◆ Recorded data ◆
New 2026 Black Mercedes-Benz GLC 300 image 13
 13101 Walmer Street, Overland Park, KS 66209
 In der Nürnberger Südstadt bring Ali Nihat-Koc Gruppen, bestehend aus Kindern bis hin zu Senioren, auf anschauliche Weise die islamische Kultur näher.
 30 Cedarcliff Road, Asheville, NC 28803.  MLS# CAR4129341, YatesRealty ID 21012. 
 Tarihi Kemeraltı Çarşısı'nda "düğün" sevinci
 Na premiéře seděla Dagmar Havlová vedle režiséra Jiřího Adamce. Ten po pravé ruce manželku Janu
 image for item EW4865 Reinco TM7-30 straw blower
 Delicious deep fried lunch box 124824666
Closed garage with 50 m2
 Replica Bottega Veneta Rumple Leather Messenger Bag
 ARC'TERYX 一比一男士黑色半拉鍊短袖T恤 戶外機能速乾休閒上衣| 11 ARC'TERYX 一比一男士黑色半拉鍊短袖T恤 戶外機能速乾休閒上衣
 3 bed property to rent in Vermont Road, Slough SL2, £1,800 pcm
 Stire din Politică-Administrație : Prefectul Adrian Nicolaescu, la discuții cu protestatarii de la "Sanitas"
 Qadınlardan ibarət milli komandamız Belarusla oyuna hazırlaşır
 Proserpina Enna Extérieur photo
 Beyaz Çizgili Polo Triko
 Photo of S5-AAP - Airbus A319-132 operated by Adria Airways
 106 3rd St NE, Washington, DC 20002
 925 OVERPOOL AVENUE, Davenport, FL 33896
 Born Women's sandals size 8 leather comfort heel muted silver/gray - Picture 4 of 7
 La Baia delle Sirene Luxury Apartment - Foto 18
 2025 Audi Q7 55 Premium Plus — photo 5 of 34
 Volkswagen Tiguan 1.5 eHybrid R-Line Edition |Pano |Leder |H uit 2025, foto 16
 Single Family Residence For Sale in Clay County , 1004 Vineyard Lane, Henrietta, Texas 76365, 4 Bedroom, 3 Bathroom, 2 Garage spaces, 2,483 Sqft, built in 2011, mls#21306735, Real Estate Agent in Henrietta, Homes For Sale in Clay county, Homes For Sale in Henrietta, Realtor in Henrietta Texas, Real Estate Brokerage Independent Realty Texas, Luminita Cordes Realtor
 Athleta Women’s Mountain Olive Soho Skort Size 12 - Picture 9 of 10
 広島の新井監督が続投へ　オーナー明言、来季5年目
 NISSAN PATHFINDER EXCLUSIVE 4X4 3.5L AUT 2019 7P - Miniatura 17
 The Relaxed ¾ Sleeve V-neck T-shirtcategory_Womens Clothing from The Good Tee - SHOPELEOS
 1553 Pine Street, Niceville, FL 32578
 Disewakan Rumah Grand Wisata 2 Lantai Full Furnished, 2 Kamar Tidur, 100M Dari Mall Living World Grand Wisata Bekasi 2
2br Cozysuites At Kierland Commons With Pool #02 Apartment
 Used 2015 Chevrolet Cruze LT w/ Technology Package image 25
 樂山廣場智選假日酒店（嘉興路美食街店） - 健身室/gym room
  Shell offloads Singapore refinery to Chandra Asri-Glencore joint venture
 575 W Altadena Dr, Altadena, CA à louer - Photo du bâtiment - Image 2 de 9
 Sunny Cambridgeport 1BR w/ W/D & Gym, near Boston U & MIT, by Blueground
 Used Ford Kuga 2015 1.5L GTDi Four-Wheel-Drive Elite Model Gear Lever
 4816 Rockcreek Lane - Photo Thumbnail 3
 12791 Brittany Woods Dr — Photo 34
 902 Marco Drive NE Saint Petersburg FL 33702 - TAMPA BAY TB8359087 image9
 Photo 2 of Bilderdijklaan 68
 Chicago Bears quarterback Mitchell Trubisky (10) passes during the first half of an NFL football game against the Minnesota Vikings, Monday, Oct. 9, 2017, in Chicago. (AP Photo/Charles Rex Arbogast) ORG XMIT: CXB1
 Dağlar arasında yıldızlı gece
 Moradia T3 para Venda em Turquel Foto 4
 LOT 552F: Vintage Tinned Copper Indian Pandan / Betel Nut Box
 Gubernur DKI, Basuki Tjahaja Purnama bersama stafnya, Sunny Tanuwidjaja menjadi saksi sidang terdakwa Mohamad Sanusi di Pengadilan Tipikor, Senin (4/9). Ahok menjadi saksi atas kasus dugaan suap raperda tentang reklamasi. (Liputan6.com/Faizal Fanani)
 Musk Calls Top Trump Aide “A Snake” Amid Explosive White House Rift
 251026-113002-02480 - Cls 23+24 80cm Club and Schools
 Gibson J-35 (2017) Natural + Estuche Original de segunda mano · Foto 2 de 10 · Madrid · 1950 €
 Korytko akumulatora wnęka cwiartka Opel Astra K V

◆ Instructions to follow ◆
Show all lines in the preceding material that have "Picture" in them.

◆ Exercise solution ◆
 Born Women's sandals size 8 leather comfort heel muted silver/gray - Picture 4 of 7
 Athleta Women’s Mountain Olive Soho Skort Size 12 - Picture 9 of 10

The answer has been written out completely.